5187–5188 ↗(On Diff #29282)

s/look for an appropriate catch block in the caller/continue processing exception handling actions in the caller/?

Also, the personality function isn't really responsible for moving to the caller, since the caller might have a different EH personality.

5194 ↗(On Diff #29282)

s/constituent/preceding/?

5213–5214 ↗(On Diff #29282)

This seems to be missing the restriction that exactly one catchblock must unwind to a catchendblock.

5254 ↗(On Diff #29282)

s/transfer/transfers/

5304 ↗(On Diff #29282)

Maybe add the void example:

cleanupret void unwind to caller
5316 ↗(On Diff #29282)

The other instructions have the 'unwind to caller' form. Any reason not to list that here?

5323–5324 ↗(On Diff #29282)

s/attempts to transfer control to terminate the program/may decide to terminate the program/?

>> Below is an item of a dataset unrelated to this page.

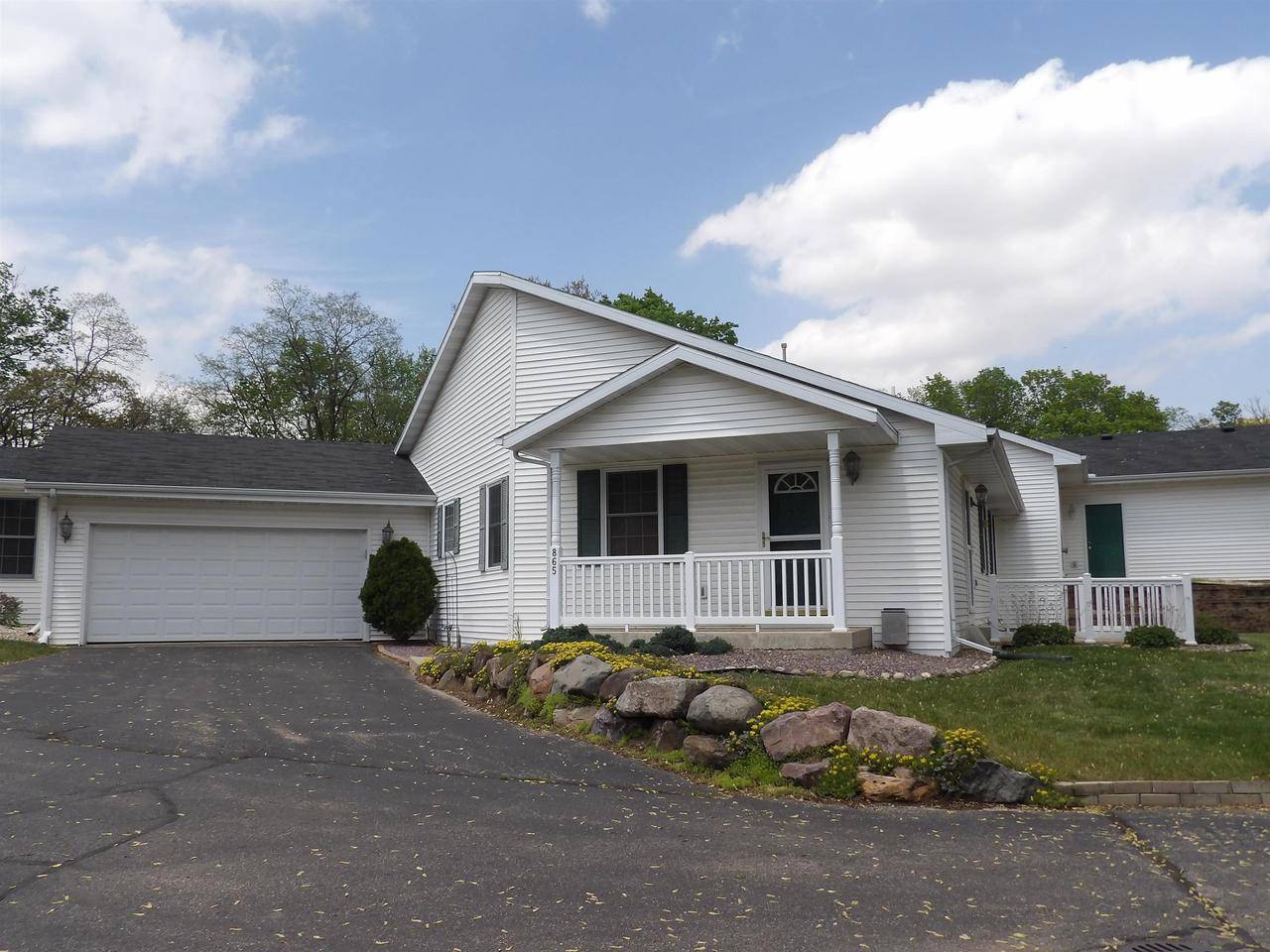 Janesville, WI 53545,865 Sutherland Avenue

5327–5328 ↗(On Diff #29282)

s/if the terminateblock is an appropriate handler for the in-flight exception/if the personality routine decides not to terminate the program/?

5329–5331 ↗(On Diff #29282)

I think we can drop this sentence from the overview.

5339–5340 ↗(On Diff #29282)

Why? It might unwind to caller, consider a noexcept function.

8329 ↗(On Diff #29282)

I wonder if we should just do Itanium and MSVC examples for every instruction, since together they motivate why the instructions have the flexibility that they do.

lib/IR/Verifier.cpp
2411–2412 ↗(On Diff #29282)

Comment needs more edits for grammar:
Verify that the first non-PHI instruction of the unwind destination is an exception handling instruction.

lib/Transforms/Instrumentation/MemorySanitizer.cpp
2656–2674 ↗(On Diff #29282)

Our new instructions may be void, and we don't need to set shadow memory for void instructions. As written, this fills the DenseMaps with a bunch of useless values. Let's avoid that.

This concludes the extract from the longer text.